While many part-time students at Birkbeck are combining their study with work and therefore need to study in the evenings, for Rudo, who was commuting to Birkbeck from Oxford, it made sense to follow the daytime modules from the full-time programme and study from 2pm-5pm – which meant that she could be back in Oxford for the children’s bedtimes.

Rudo’s children were initially sceptical about the idea of her going to university – something they saw as ‘for young people’ and which was only a few years away for her eldest son himself. “I think that now my kids just see study as ‘what mum does’. I’m pleased to have modelled for them the idea that your education doesn’t stop when you leave school or university as a young person – that there’s no time limit on learning.”

After receiving a merit in her first module, the doubts about whether she’d be able to complete the programme slowly began to recede for Rudo. She says: “You pass one module, then another, and after a while you realise that it’s not going too badly. But at the end of the first year, when my tutor said that I could potentially get a distinction I just laughed. I had an excellent supervisor for my project and in the end I did go on to get a distinction overall.”

Not only did Rudo begin to believe that she was capable of passing the course at Birkbeck, she began thinking about a PhD as well. She says: “Commuting to Birkbeck two afternoons a week was manageable but I knew that it would be easier for me if I could do my PhD closer to where I live. The academic standard at Birkbeck was so high that I knew that if I was good enough to do a PhD there, then I would be good enough to do one at Oxford, and so that is where I applied.”

Now in the first year of her PhD at Oxford, Rudo has no regrets about taking a chance on a brand new subject at Birkbeck.
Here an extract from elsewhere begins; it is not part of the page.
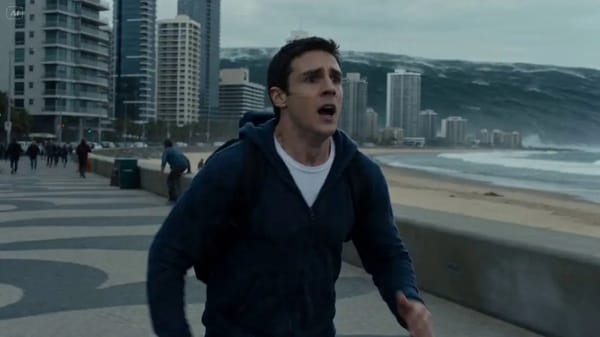 A man sprinting through a coastal city, panic in his eyes, water reflecting in the distance. Tu…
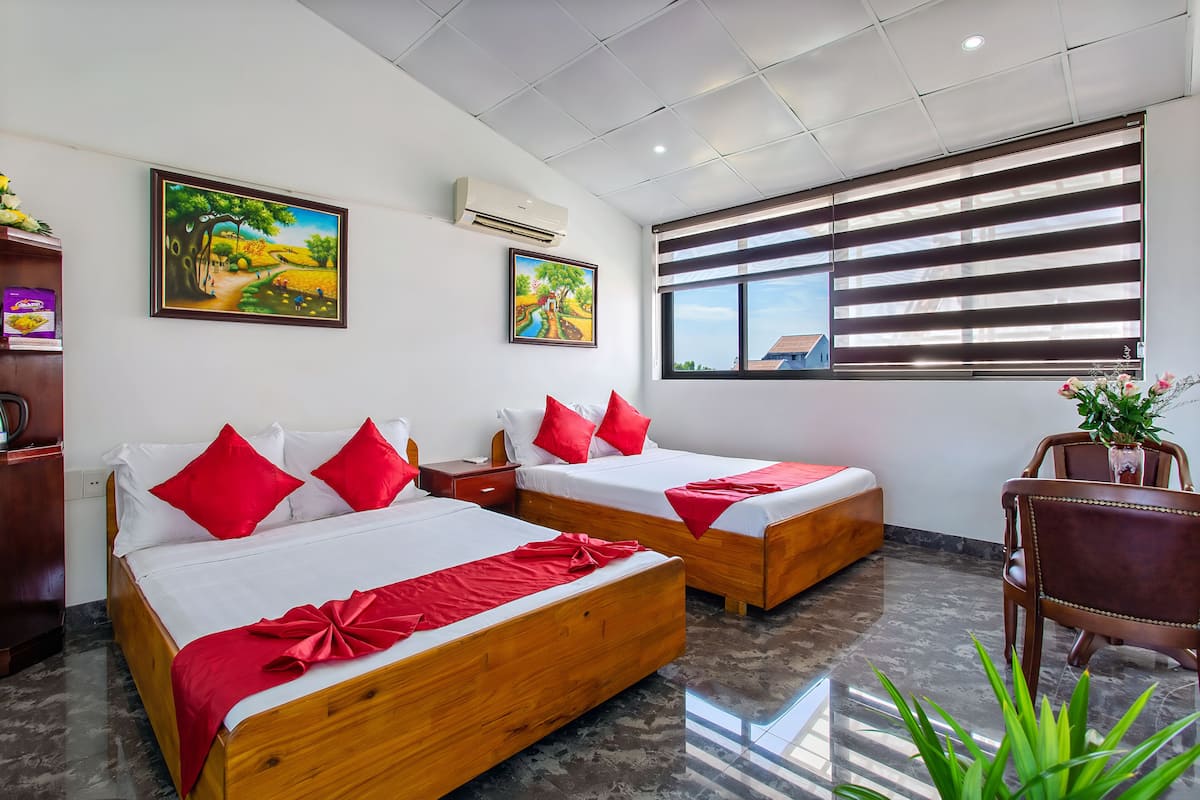 Family Room, City View | Minibar, in-room safe, desk, laptop workspace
She says: “I’m so grateful to all of the tutors and my supervisors at Birkbeck. They never minded when I asked a thousand questions about everything – and actually liked it when students asked questions as it showed how engaged we were with the subject matter.

“I couldn’t have done it without the help of my husband, mother and friends who looked after the kids at weekends and evenings when I was studying. They all knew how important this was to me and supported me throughout.

“In my dissertation I wrote inside the cover page that you should follow your dreams. If you have support – from a good university and from your family – then nothing is too outrageous and you should follow your most fantastic dreams – there is no limit. I’m so proud of what I’ve achieved.”